» **TASK DIRECTIONS**: Use the entries below and reproduce exactly the lines from the one containing "Silhouette of an" down to the one containing "Set de 3 libretas", both of them included.

» **GIVEN RECORDS**:
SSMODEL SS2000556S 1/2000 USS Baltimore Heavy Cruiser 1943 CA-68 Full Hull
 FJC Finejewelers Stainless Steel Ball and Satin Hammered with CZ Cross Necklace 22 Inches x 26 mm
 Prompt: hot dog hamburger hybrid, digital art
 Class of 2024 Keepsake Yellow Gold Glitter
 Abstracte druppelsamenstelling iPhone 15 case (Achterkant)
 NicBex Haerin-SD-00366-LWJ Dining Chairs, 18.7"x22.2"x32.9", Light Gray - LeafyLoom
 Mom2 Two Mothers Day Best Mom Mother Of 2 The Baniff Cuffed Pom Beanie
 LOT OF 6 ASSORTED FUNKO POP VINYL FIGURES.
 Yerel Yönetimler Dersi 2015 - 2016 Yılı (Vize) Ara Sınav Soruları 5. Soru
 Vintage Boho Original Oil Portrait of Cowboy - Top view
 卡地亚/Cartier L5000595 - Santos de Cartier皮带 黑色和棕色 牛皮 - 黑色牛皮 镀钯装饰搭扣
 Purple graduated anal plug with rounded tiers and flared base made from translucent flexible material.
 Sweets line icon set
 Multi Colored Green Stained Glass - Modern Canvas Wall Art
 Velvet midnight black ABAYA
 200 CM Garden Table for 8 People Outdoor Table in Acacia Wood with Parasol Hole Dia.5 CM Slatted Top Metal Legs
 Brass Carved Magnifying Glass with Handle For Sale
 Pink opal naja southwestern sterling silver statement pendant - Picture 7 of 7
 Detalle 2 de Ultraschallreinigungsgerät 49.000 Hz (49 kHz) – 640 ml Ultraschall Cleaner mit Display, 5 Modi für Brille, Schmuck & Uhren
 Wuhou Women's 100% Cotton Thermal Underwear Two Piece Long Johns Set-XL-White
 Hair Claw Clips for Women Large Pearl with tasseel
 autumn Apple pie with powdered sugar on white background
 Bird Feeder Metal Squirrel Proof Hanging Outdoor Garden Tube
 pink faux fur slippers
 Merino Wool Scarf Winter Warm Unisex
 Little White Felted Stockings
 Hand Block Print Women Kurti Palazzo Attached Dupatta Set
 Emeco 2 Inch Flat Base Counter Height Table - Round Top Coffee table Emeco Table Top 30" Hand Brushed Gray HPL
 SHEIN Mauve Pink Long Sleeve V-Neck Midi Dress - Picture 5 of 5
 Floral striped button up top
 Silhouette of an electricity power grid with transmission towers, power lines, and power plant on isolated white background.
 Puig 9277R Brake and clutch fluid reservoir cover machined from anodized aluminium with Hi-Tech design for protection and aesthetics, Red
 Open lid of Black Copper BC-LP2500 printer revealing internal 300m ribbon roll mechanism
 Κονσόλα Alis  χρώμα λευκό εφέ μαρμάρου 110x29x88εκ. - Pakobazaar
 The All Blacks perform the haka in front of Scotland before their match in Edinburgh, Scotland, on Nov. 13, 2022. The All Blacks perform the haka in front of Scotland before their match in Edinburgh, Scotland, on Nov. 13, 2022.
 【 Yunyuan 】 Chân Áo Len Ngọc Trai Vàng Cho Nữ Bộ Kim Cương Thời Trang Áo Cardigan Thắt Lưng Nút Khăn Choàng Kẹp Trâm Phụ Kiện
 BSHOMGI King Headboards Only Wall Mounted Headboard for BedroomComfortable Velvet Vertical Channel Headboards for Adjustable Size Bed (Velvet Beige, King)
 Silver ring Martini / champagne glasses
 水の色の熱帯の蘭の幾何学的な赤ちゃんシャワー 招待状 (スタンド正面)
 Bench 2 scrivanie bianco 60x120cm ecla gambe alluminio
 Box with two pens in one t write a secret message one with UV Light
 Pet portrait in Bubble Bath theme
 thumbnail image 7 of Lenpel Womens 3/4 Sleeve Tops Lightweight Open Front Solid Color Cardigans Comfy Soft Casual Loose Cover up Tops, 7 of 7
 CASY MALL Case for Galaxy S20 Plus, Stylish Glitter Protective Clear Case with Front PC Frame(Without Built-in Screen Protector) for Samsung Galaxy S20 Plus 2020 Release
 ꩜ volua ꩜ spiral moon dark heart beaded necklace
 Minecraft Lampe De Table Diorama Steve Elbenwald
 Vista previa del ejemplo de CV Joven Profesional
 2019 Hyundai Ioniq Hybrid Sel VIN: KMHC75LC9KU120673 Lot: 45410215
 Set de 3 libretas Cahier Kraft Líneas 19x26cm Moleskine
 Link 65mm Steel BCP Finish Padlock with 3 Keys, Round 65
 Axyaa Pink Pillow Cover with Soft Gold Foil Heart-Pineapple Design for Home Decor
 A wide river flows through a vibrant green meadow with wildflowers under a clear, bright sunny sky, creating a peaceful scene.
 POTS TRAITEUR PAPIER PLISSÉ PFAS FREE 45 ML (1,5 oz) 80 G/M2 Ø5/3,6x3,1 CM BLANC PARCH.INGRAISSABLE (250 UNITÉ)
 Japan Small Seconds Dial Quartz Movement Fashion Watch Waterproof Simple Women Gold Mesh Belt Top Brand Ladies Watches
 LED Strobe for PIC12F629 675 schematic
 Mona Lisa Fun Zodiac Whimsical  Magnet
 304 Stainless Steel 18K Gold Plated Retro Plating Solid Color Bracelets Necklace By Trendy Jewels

» **YOUR SOLUTION**:
 Silhouette of an electricity power grid with transmission towers, power lines, and power plant on isolated white background.
 Puig 9277R Brake and clutch fluid reservoir cover machined from anodized aluminium with Hi-Tech design for protection and aesthetics, Red
 Open lid of Black Copper BC-LP2500 printer revealing internal 300m ribbon roll mechanism
 Κονσόλα Alis  χρώμα λευκό εφέ μαρμάρου 110x29x88εκ. - Pakobazaar
 The All Blacks perform the haka in front of Scotland before their match in Edinburgh, Scotland, on Nov. 13, 2022. The All Blacks perform the haka in front of Scotland before their match in Edinburgh, Scotland, on Nov. 13, 2022.
 【 Yunyuan 】 Chân Áo Len Ngọc Trai Vàng Cho Nữ Bộ Kim Cương Thời Trang Áo Cardigan Thắt Lưng Nút Khăn Choàng Kẹp Trâm Phụ Kiện
 BSHOMGI King Headboards Only Wall Mounted Headboard for BedroomComfortable Velvet Vertical Channel Headboards for Adjustable Size Bed (Velvet Beige, King)
 Silver ring Martini / champagne glasses
 水の色の熱帯の蘭の幾何学的な赤ちゃんシャワー 招待状 (スタンド正面)
 Bench 2 scrivanie bianco 60x120cm ecla gambe alluminio
 Box with two pens in one t write a secret message one with UV Light
 Pet portrait in Bubble Bath theme
 thumbnail image 7 of Lenpel Womens 3/4 Sleeve Tops Lightweight Open Front Solid Color Cardigans Comfy Soft Casual Loose Cover up Tops, 7 of 7
 CASY MALL Case for Galaxy S20 Plus, Stylish Glitter Protective Clear Case with Front PC Frame(Without Built-in Screen Protector) for Samsung Galaxy S20 Plus 2020 Release
 ꩜ volua ꩜ spiral moon dark heart beaded necklace
 Minecraft Lampe De Table Diorama Steve Elbenwald
 Vista previa del ejemplo de CV Joven Profesional
 2019 Hyundai Ioniq Hybrid Sel VIN: KMHC75LC9KU120673 Lot: 45410215
 Set de 3 libretas Cahier Kraft Líneas 19x26cm Moleskine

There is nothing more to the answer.